First of all, I prefer the term “conventional truth” to the term “relative truth,” and “deepest truth to “absolute truth.” “Absolute truth” or “ultimate truth” give the wrong idea that it is some sort of transcendent thing over there, totally fixed and unrelated to anything else. In fact, it’s the deepest truth of everything. It is how things exist, which is with the absence of these impossible ways that we think establishes the existence of anything.
Convention has to do with the world of appearances. We’re dealing with the world of appearances when we deal with conventional bodhichitta. This is because we want to attain enlightenment and appear in various forms to help others and benefit them. How do we establish that all these appearances exist and function? They conventionally exist, in the sense that we have terms for them, we have concepts, we have ideas of them, and they refer to something. That’s convention; people agree.

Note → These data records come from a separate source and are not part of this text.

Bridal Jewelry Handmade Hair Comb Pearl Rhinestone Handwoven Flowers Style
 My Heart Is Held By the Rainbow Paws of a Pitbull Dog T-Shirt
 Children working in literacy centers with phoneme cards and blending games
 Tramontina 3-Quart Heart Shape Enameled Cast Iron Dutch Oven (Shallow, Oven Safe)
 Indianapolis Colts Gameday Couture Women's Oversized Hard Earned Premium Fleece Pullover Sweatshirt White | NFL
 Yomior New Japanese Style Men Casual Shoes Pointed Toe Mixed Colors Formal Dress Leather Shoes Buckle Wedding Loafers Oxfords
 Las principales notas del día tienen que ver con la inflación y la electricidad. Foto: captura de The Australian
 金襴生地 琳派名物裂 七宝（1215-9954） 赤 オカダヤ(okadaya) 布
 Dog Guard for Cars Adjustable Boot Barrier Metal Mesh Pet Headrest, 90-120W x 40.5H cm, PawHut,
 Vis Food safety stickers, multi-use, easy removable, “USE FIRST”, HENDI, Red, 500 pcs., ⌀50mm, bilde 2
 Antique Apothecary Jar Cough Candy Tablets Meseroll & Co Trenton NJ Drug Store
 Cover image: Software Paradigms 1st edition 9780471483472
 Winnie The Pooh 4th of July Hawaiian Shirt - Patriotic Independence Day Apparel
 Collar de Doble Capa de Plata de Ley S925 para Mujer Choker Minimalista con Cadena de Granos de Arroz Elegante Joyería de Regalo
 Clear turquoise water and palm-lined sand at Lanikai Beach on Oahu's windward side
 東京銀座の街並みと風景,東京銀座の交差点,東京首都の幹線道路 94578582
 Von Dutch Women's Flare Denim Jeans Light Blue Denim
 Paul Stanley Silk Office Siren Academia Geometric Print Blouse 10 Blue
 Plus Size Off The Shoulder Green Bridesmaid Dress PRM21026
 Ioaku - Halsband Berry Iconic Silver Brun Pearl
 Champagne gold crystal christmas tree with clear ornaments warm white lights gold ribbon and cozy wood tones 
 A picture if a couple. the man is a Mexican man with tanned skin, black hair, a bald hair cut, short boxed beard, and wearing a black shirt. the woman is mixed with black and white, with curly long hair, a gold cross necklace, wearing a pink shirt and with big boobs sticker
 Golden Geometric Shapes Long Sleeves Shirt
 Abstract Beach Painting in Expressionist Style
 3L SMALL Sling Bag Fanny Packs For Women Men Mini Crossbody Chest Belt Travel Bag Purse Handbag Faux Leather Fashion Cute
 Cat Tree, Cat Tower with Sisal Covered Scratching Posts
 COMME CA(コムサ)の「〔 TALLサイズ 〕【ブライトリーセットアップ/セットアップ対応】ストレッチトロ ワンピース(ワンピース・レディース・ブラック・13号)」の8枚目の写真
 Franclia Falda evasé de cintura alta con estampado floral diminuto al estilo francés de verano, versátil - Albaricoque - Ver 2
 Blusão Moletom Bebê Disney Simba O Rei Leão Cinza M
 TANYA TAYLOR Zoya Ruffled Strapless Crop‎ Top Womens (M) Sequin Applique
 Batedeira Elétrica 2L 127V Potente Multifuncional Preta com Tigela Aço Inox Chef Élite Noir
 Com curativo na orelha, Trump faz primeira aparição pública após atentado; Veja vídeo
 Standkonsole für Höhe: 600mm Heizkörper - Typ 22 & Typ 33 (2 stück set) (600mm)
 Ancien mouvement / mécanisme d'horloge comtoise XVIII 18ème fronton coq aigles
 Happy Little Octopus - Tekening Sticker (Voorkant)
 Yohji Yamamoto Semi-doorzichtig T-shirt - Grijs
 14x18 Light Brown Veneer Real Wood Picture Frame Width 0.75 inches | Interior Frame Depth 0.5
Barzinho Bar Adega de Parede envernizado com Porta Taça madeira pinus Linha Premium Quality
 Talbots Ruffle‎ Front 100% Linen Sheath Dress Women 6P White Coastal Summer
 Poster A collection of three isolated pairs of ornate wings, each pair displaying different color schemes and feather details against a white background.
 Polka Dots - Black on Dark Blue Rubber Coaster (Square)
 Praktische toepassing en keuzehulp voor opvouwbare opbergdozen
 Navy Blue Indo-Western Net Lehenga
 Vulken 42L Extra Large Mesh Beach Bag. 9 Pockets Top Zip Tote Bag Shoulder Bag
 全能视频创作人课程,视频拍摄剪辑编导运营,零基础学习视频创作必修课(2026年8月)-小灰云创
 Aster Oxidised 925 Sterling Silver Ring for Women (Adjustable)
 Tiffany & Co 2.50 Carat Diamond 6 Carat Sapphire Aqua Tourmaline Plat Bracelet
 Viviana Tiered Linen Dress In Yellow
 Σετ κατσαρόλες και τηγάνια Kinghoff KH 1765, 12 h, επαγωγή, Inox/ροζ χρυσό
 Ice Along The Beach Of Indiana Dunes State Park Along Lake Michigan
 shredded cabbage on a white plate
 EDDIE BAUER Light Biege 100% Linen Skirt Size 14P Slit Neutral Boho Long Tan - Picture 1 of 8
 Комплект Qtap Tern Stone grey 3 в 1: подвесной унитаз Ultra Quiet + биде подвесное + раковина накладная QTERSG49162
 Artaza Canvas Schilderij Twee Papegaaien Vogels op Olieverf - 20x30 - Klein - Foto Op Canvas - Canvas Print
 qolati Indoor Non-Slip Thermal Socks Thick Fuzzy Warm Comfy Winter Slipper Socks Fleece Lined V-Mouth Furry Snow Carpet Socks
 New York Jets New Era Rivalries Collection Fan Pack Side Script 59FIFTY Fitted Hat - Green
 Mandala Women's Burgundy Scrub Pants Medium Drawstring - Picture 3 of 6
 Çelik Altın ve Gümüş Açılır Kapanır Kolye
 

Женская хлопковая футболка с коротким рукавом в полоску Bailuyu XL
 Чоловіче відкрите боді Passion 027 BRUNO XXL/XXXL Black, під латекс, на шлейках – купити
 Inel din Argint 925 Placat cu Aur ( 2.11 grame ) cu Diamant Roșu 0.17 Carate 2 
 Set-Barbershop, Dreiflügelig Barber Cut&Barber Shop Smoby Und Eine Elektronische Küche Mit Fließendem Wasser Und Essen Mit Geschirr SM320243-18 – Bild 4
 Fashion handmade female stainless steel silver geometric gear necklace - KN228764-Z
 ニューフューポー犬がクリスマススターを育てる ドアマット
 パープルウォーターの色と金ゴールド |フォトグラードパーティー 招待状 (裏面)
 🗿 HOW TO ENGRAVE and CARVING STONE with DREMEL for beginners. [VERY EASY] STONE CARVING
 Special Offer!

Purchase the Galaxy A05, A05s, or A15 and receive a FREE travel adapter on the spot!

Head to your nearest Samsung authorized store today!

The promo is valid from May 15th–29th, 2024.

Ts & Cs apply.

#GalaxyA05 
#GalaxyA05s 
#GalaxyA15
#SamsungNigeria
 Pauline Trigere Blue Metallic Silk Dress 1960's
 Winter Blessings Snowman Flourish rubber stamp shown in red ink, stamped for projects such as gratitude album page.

There is the convention of “me,” the “self.” “Me” refers to something; it refers to me, although there’s nothing on the side of my body, inside my brain, inside my emotions or anything like that, that corresponds to a solid “me.” That’s the deepest truth about it. There’s no such thing. Nevertheless, how do we establish or know that there is such a thing? It’s that there’s that concept of “me”; but, although there is that concept of “me,” it isn’t just a concept. That concept of “me” refers to something on the basis of all these parts that are changing at a different rate at every moment. Therefore, there’s nothing fixed that’s staying there all the time. We can’t locate the defining characteristic of “me” anywhere; but, there’s that convention.
With conventional bodhichitta, we’re dealing with the world of appearances. There’s the convention of “you,” there’s the convention of “me,” there’s the convention of “help.” If I go over to help you get up, there is the first step, the second step, and extending my hand, and so on. Which one is “help?” We can’t say that any individual part of that is the only thing that’s “help.” “Help” isn’t just to lift a foot and put it down to go in the direction of you.
That’s why I use the image of a whole, as opposed to parts. There is such a thing as a whole and we call that “helping you get up.” It refers to something, to actually doing something. But you can’t find that “helping” in any of the tiny microsecond movements of going there, can we? It’s convention, that’s conventional truth. Conventional bodhichitta is dealing with that.
We want to appear in various ways that will help others, so I prefer to use these terms that make it clearer.